ThyssenKrupp Marine Systems (TKMS), is close to winning a contract for two corvettes in Egypt a deal in which France’s Naval Group was also a contender.
Negotiations between Egypt and Germany-based ThyssenKrupp Marine Systems are close to completion for a purchase of two MEKO A200 corvettes, French and Egyptian media reported.
Discussions are reportedly on about the equipment to be installed on the two Meko A200 corvettes and their financing, the reports said adding that if the TKMS deal is clinched, then the chance of selling two additional Gowind 2500 corvettes would considerably diminish.
France’s Naval Group has sold four Gowind 2500 ships to Egypt in 2014 and was in the race for two more. Incidentally, Cairo is expected to launch the first of three Gowind 2500 corvettes built locally by Alexandria Shipyard on Thursday.
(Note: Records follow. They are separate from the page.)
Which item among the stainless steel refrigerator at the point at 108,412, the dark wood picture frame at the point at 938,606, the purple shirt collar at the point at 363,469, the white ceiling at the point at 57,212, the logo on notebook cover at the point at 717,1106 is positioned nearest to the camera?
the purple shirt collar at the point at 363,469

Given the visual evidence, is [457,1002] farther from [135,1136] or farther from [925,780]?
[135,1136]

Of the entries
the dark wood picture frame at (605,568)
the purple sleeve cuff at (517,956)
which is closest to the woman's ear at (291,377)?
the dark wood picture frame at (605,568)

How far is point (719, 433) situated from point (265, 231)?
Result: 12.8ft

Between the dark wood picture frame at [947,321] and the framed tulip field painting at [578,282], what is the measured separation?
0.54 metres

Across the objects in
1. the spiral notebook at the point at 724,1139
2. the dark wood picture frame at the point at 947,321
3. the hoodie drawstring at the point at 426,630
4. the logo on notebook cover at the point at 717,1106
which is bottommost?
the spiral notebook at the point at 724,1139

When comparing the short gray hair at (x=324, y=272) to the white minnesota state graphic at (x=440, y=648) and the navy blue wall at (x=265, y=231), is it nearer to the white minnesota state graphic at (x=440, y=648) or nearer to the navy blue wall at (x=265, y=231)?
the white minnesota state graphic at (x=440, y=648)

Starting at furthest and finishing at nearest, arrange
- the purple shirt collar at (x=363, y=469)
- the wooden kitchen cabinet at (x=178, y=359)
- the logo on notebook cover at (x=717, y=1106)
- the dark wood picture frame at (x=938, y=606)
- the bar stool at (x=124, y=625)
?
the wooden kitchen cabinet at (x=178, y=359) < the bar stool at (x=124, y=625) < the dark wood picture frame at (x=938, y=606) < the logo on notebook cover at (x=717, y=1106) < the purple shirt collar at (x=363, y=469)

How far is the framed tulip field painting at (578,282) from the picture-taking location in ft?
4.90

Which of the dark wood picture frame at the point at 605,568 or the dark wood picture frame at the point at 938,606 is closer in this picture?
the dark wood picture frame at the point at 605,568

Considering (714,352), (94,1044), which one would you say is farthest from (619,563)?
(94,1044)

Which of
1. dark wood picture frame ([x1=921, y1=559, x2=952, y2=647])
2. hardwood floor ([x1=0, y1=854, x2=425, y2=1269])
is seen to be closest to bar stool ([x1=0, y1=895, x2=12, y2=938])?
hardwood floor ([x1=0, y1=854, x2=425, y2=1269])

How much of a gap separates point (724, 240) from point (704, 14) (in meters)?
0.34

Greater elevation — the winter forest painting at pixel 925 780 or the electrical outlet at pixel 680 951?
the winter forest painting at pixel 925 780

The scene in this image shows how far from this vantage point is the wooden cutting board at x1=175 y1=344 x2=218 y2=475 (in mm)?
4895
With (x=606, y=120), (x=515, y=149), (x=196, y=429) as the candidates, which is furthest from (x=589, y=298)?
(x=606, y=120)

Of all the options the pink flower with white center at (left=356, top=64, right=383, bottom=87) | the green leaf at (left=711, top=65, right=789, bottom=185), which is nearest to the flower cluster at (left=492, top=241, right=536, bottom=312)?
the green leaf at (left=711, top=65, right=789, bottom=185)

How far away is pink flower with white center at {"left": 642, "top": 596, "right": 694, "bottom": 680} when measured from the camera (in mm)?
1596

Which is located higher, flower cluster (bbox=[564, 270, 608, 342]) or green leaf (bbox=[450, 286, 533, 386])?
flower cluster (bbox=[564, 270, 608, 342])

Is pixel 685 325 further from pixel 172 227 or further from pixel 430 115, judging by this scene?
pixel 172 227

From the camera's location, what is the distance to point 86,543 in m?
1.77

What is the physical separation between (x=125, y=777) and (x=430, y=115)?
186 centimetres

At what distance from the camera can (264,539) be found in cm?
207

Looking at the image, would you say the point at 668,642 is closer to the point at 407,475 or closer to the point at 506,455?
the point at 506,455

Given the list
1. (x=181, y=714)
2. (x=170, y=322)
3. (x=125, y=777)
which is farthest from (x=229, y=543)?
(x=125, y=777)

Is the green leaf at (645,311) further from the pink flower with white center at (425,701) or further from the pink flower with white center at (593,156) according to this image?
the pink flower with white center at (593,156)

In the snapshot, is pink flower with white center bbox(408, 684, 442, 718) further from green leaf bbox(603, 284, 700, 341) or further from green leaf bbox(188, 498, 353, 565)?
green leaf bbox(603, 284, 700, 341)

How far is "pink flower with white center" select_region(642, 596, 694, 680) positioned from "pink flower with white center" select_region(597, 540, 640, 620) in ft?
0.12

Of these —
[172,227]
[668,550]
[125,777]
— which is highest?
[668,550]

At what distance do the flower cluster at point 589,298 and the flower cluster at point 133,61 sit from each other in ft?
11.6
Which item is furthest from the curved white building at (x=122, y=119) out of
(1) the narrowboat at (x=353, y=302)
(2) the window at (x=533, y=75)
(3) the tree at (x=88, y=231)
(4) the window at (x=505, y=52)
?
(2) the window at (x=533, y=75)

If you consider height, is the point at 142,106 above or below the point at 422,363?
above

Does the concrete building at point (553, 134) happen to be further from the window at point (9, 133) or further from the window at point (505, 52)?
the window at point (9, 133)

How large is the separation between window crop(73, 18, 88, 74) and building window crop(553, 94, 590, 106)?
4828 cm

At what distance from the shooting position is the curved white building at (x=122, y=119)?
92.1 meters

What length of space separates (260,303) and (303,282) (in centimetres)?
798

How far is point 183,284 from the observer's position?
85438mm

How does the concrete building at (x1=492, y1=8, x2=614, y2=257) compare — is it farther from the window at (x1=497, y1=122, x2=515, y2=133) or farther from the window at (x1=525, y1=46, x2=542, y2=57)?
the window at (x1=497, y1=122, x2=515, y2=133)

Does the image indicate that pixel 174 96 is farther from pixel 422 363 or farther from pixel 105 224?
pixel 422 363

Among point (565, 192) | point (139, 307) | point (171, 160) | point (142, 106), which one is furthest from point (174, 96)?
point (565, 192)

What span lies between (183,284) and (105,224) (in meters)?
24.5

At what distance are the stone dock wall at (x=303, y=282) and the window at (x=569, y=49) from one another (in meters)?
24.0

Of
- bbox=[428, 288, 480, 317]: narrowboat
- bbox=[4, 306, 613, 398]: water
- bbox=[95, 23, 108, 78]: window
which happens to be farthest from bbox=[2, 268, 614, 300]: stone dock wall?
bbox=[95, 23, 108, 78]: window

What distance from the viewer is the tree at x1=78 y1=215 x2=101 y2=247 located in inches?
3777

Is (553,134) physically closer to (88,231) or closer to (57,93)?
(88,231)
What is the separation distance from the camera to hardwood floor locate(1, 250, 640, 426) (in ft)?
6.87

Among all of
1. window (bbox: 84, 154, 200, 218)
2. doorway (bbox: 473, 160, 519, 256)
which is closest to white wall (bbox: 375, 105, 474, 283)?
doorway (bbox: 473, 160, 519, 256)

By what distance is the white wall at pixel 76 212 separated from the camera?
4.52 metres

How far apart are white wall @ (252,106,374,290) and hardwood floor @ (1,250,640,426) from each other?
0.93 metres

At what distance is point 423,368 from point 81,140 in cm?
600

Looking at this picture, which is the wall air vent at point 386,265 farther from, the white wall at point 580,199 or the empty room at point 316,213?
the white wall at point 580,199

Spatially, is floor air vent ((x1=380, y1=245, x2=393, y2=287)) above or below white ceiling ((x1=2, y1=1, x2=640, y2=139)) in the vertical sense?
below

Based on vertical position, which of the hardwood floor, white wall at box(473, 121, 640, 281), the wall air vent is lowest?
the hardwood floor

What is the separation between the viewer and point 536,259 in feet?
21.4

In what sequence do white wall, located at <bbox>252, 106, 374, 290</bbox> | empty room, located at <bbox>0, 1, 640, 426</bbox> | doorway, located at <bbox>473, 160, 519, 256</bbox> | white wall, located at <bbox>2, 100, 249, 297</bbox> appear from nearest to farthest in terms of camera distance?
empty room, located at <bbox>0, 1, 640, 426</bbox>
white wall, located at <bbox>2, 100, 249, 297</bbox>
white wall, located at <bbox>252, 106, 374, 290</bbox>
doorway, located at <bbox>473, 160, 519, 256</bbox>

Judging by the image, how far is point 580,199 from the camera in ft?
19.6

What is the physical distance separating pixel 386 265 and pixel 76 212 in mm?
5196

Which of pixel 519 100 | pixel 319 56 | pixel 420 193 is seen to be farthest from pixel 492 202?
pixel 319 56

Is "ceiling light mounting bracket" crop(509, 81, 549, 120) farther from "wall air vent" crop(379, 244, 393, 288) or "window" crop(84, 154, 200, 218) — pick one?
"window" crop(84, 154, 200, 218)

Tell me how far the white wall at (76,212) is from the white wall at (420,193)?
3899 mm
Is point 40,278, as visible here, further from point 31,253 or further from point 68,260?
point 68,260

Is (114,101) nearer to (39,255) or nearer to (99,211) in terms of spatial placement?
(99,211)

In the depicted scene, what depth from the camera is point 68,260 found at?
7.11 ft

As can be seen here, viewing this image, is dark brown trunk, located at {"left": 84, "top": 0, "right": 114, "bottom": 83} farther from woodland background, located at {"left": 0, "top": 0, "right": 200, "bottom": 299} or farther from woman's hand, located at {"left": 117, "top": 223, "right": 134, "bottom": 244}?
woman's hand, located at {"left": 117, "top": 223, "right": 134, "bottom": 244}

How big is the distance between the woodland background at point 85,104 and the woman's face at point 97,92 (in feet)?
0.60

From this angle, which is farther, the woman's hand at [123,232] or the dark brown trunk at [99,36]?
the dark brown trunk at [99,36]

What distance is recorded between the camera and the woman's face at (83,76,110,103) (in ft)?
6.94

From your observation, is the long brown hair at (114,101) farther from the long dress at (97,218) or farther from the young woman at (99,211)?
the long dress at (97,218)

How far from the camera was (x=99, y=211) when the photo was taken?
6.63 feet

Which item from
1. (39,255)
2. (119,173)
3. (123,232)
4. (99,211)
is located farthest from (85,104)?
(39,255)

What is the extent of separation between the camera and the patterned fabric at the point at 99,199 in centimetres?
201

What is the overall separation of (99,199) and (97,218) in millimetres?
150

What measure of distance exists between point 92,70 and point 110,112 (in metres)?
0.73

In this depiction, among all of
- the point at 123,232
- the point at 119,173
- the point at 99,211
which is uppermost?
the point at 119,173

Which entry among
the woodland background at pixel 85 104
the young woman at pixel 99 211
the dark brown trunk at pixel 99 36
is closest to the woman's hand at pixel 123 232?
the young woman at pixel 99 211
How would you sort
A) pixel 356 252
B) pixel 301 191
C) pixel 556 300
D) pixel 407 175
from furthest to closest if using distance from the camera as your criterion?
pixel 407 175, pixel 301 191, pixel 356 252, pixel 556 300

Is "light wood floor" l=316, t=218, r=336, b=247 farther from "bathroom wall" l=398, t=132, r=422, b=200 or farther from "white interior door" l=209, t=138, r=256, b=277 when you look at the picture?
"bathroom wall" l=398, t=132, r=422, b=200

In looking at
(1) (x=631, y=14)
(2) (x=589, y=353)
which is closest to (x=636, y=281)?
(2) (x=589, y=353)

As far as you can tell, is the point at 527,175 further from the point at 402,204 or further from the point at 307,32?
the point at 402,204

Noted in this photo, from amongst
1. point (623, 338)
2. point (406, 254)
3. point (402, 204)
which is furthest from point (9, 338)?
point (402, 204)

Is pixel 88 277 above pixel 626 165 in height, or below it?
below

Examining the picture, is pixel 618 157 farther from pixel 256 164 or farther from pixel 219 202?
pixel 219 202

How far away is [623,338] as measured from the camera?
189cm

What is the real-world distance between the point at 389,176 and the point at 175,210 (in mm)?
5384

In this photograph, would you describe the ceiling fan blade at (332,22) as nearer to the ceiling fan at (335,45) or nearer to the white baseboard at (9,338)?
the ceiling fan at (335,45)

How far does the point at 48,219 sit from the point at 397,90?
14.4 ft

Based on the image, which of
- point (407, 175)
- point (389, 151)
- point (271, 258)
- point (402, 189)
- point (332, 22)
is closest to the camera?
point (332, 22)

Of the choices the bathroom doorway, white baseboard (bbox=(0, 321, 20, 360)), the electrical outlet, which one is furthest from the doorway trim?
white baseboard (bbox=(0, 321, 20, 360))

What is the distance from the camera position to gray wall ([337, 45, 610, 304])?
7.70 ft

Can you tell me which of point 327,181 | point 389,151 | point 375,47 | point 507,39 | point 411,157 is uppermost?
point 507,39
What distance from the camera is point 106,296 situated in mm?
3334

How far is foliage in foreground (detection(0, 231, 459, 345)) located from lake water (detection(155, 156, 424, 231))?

French publication LATribune commented: The sale of the two Meko A200 (3,400 tons DWT) remains very intriguing. They are twice as expensive as the two Gowind 2500 (1 billion euros excluding armament, against 500 million for the two French corvettes). In addition, this project will bring no benefit for the Egyptian industry. The two German corvettes are to be built in Kiel at Germany.
According to TKMS information, the MEKO A-200 contains innovative propulsion, stealth and survivability design, robust sea keeping and helicopter operability. This frigate features the CODAG-WARP (water jet and refined propellers) propulsion system: two CPP propeller shafts driven by cross-connectable diesel engines plus a center-line, gas turbine-driven water jet, combining the power of each drive in the water with no need for a combining gearbox.
This arrangement allows for extremely quiet acoustic signatures, a high degree of propulsion redundancy, and damage survivability. In the diesel-only mode this propulsion arrangement is also an extremely economic solution, as a single engine can drive both shafts for speeds of up to 18 knots.